4. Who or what inspires you?
In terms of art and creativity, I am hugely inspired by Niki de Saint Phalle who creates amazing vibrant sculptures using a wide variety of mixed materials. I spent much of my childhood summers getting lost in her sculpture garden in Tuscany.
5. How do you get clients?
Most of my commissions come through recommendations, however, if I think a certain company may be interested in a corporate commission I approach them and quite often they go ahead. In terms of my products, I have a wonderful sales assistant who spends lots of time searching the London streets to scout and approach potential stockists. We also have stands at trade shows and consumer fairs as well as having regular open studios.
6. What has been the highlight of your career as an artist so far?
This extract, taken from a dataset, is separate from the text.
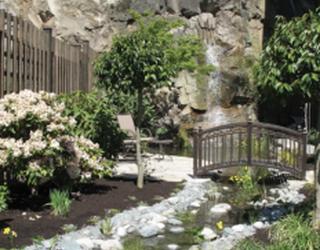 Image of Eucalyptus Tree Service Landscaping & Design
One of the highlights of my career was when I had to do a really scary pitch/presentation to top businessmen. After the presentation, one of them gave some amazing feedback and said that my presentation stood out as exceptional! Another of my highlights was when I was commissioned by a law firm in Central London to create a painting of their Soho Street. The painting is on display in their shop window and people often send me photos of them standing beside it!
7. Have you had any career disappointments as an artist? If yes, how did you overcome them?
Often I have months that are tricky financially, other times it can disappointing when a shop we have pitched to doesn’t make an order, for whatever reason. But these difficult times always push me to make changes to the way I’m doing things, to make improvements, or change direction which often turns out to be a blessing as it opens up new opportunities.
8. What is your dream art project?
My dream project would be to create a massive New York cityscape for a big corporate firm with massive white walls!
9. Do you have any advice for any emerging or aspiring artists?
My advice to emerging artists would be to strike a good balance between business and creativity as I think both are equally important and benefit one another. I would also say – don’t give up when things get tough, as often something really good is just around the corner. I’ve had so many ups and downs that I’ve started to see a pattern! I would also recommend surrounding yourself with creative people who are working hard and doing inspiring things as you learn so much from people around you.
10. What's next for you?
I’ve been doing a lot of corporate commissions and I’m hoping to get my new product range into some well known high street stores. I’m also aiming to introduce a new exciting product into my range next year!